By contrast, Samsung is laying off employees. Once-great rivals such as HP are scattered. Dell, which used to be a much bigger company than Apple, is rising again but only after a decade of decline.
And while emerging Chinese manufacturers such as Huawei are becoming major players on the global scene, they are doing so largely on the basis of commoditised products at keen prices rather than uniquely designed goods.
Why is Apple so dominant now? And what does this mean for the kind of tech that we'll see in our homes and businesses in the future?
Those who say that Apple is a cult are way off beam.
Apple is ahead because it makes easy-to-understand, good-looking, fairly advanced gadgets that quickly become part of our everyday life. These products - phones, computers, music services - are now aimed at ordinary people, not tech nerds.
The company has also proved one counter-intuitive marketing fact: price doesn't matter if you make the best-looking, most accessible product. A new iPhone 6S costs between €700 and €1,000. A new Huawei G4, which has 80pc of the functionality, costs €250. Guess which one will sell more?
Similarly, a MacBook Pro costs €1,500 compared to an equally powerful Dell, Lenovo or HP laptop that costs €750. Guess which model sells in droves?
So let's not kid ourselves that Apple's success is somehow down to a small rump of 'fan boys' who will buy anything with an Apple logo on it.
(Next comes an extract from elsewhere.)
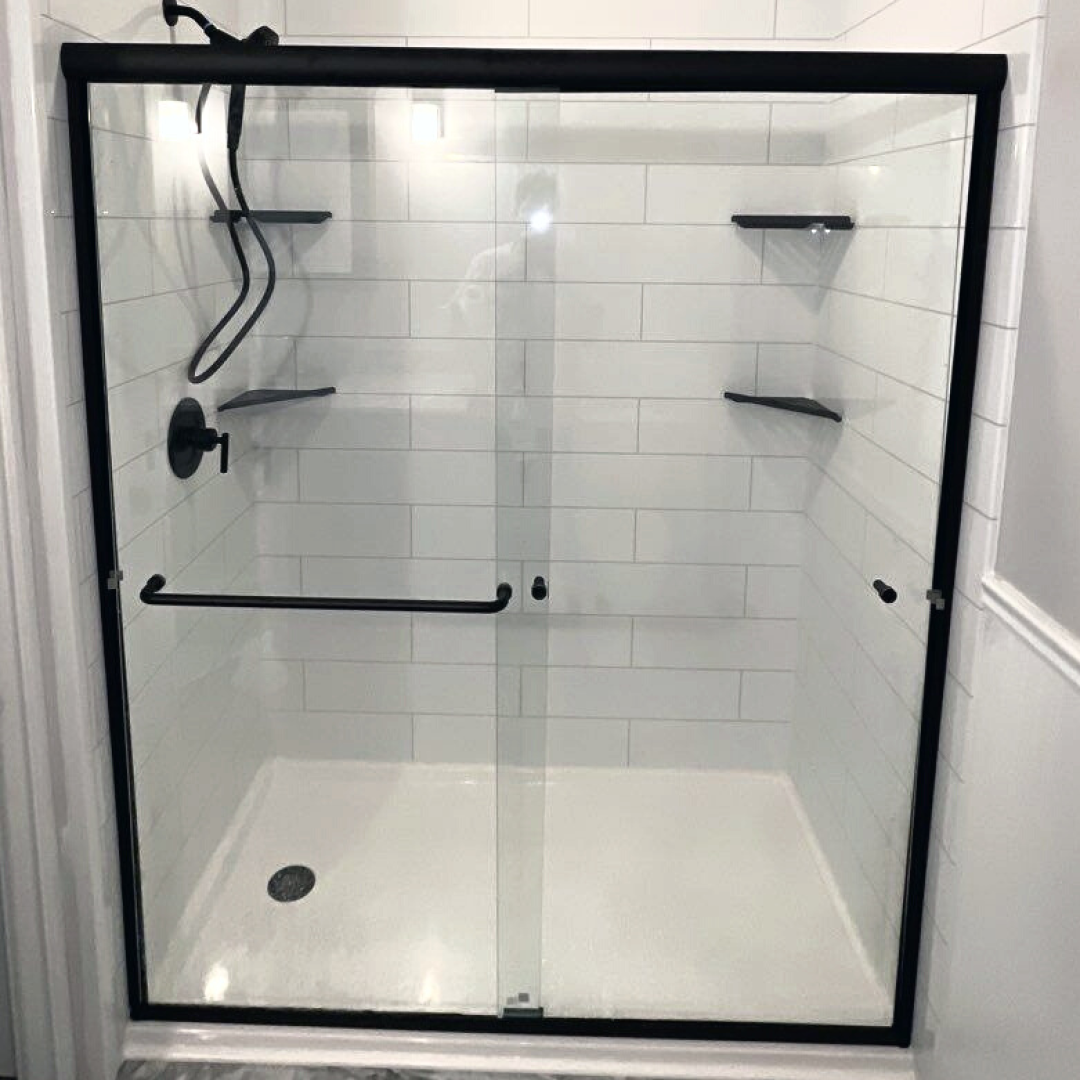 One Day Tub To Shower Remodeling After1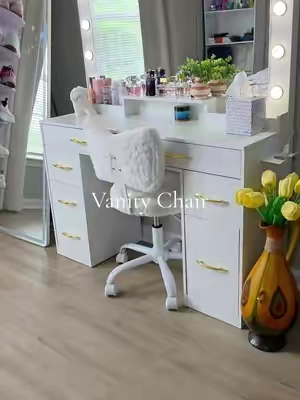 @Raybee Home  #vanitychair  #deskchair  #comfortchair  #silladevanity  #tiktokshopcreatorpicks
Apple makes stuff for ordinary people who aren't especially into gadgets.
Whether the company can keep up this kind of dominance is another question. Last week's mega-launch yielded only one sure thing - the iPhone 6S. Even with its marginal technical specifications, it will continue to be the phone of choice for the largest single bunch of people shopping for a new mobile.
But it's not as clear that its other new products will take off as much.
The giant iPad Pro, for example, is a tough sell for the kind of ordinary punter who might buy an iPhone or a MacBook. It's a 13-inch tablet that will cost more than €800. For an idea of how big that is, imagine separating the screen from a normal laptop and then using it as a standalone tablet. It looks as if it would appeal more to business people in specific industries (like health or audio-visual editors) than home users.
Similarly, Apple doesn't have the kind of Apple TV set-top box it really wants yet, despite the newly-updated model.
This is because TV and movie studios won't do streaming deals with the company. They're terrified Apple will eat them alive and that they'll end up as depleted entities, like the record labels after the onset of online music consumption.
Then there is the Apple Watch, which appears to be a slow burner. (Apple won't release figures on the Watch, which is usually a mixed sign). Only a fool would bet against Apple here, but it is not taking off in the same way the iPhone or iPad did.
Despite all of this, the Californian giant looks set to stay on top for a while yet.
It's increasingly Apple's world - one that we happen to live in.